And, referring to Israel, Mr Jalili declared, "we are seeking to dry up the roots of the Zionist regime".
Mr Jalili echoed the man he hopes to replace: Mahmoud Ahmadinejad, who must stand down after eight stormy years, during which he alienated Iran's ruling clerics and antagonised the West.
Mr Jalili, 47, however, is a loyal and obedient acolyte of Iran's supreme leader, Ayatollah Ali Khamenei. Indeed, all eight presidential hopefuls - winnowed from nearly 700 who registered - are staunch and trusted allies of the septuagenarian ayatollah.
None of those who may have posed a challenge to his absolute authority were allowed to stand.
Even Akbar Hashemi Rafsanjani, a moderate two-time former president and founding father of the Islamic republic, was disqualified.
Instead, the narrow slate of approved candidates includes a politician whose daughter is married to one of Mr Khamenei's sons, a senior foreign policy adviser of the ayatollah and a former police chief he appointed.
To western eyes, Iran's presidential race may now seem merely to be a contest of various shades of grey between "yes men" of the supreme leader.
Iran's electorate, although embittered and disillusioned, is by necessity more discerning.
While voters realise that a real contest over the direction of their country is no longer possible, many see significant differences between the candidates who could have an impact on their daily lives.

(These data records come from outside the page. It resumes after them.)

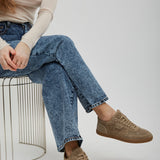 Tutti Rui beige suede sneakers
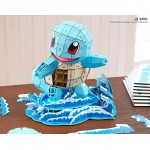 3D Figure for Assembly Spin Master 4D Build - Pokemon Squirtle, 180 Pieces 6075064 | Toys-shop.gr
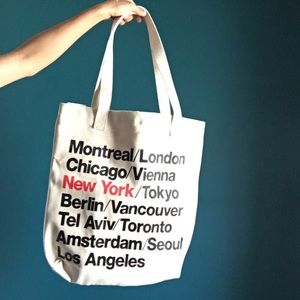 ‼️ SOLD ‼️ American Apparel Bull Denim Cities Tote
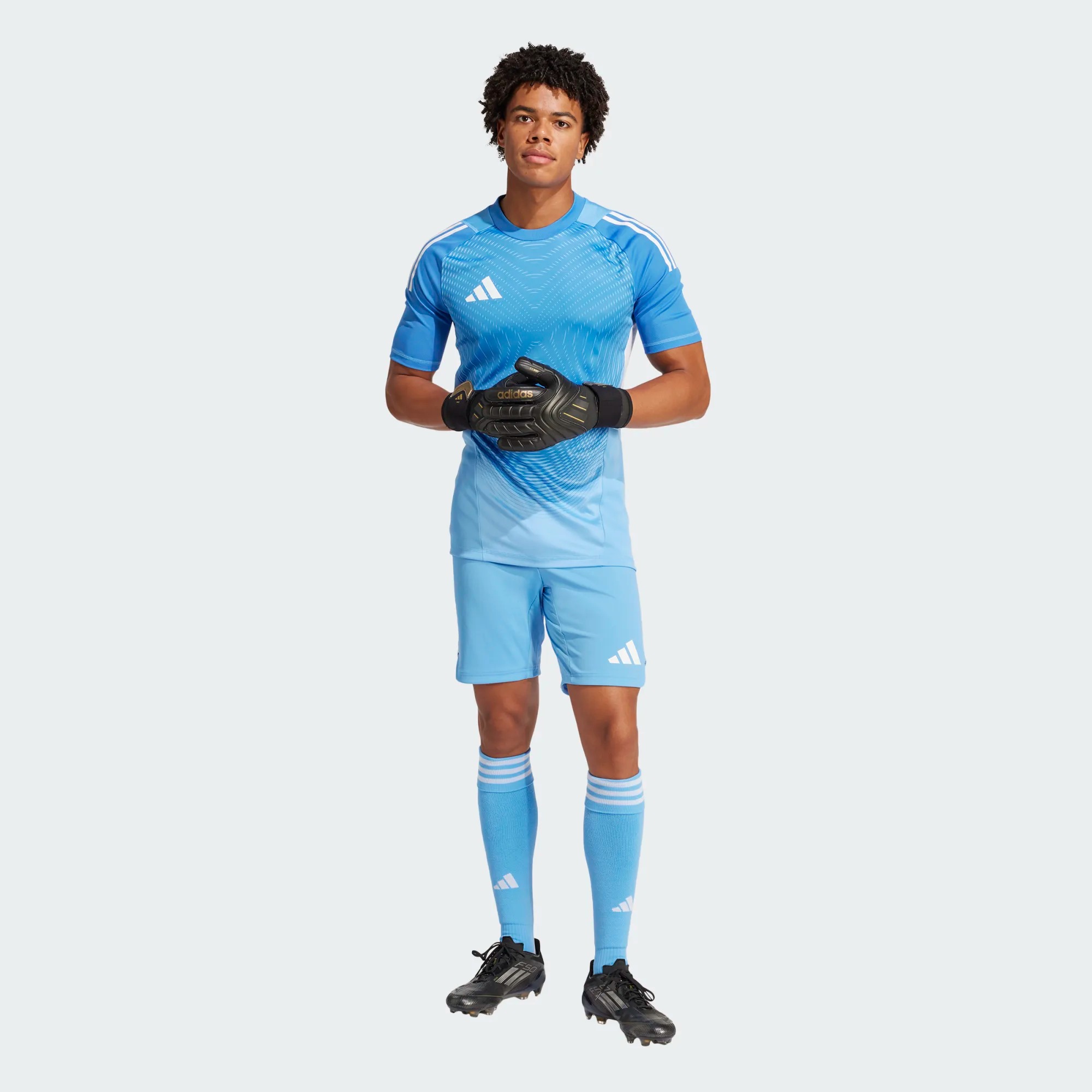 ADIDAS TIRO25 PRO GK SHORT BLUE BURST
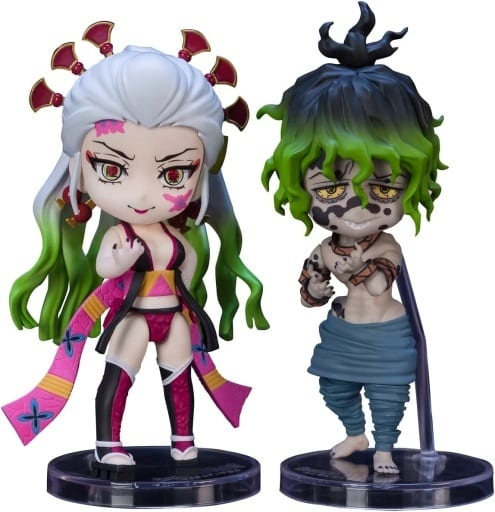 Daki & Gyutarou Demon Slayer: Kimetsu no Yaiba Figuarts mini Figure [USED]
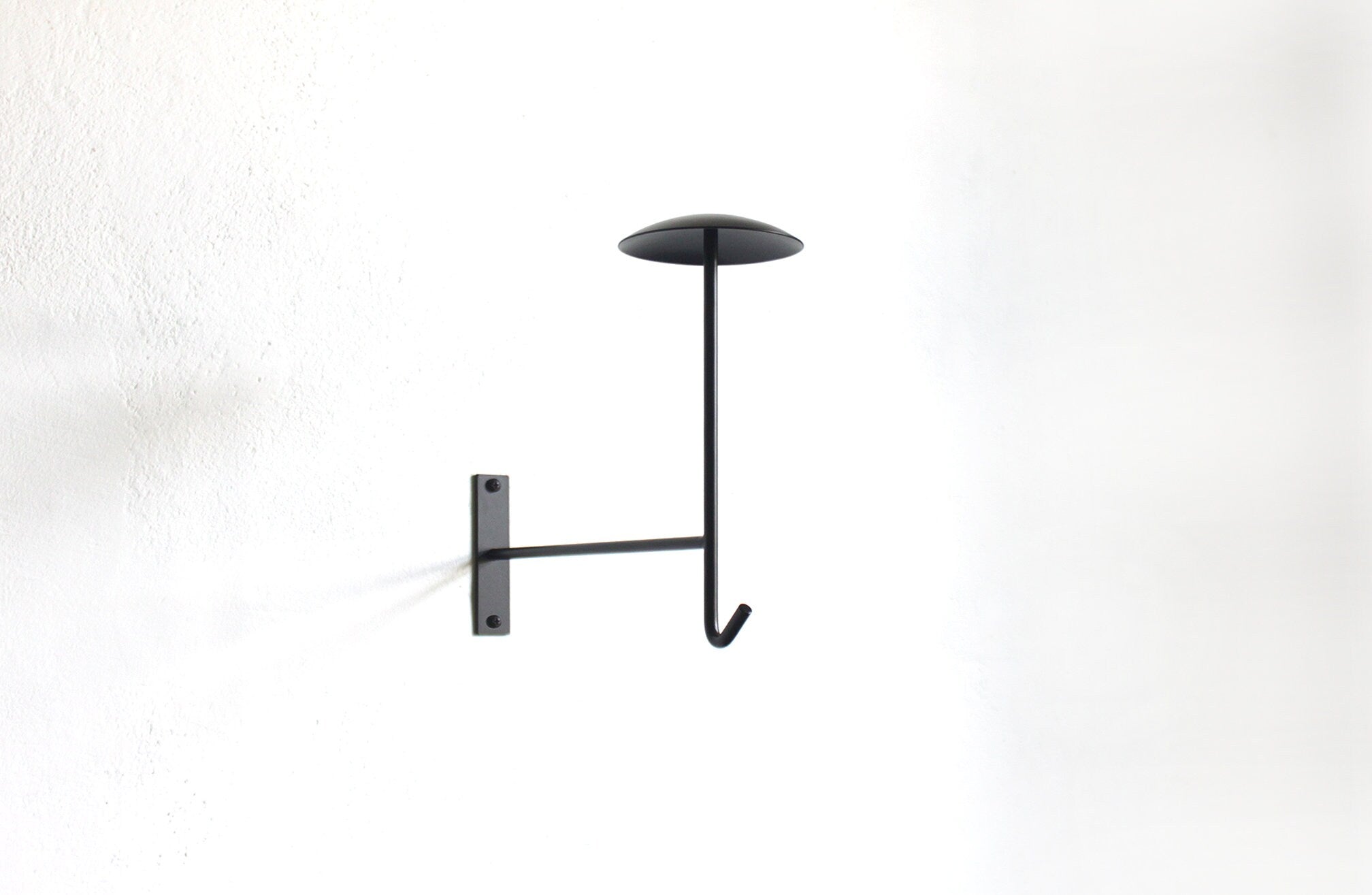 Wall Mounted Hat and Helmet Rack: Multi-Function Display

To say there is no difference between them is like saying there was no difference between the United States president, Barack Obama, and his unsuccessful Republican challenger, Mitt Romney, said Farideh Farhi, an Iran expert at the University of Hawaii.
Sir Richard Dalton, Britain's ambassador to Iran from 2002 to 2006, agreed. "All are loyal to the system, but in terms of personalities, background and experience, there are distinctions and differences between the candidates."
Iran's presidents have a big say in running the economy - the main concern of Iranian voters - and can indirectly influence nuclear and foreign policy, which are the purview of the supreme leader.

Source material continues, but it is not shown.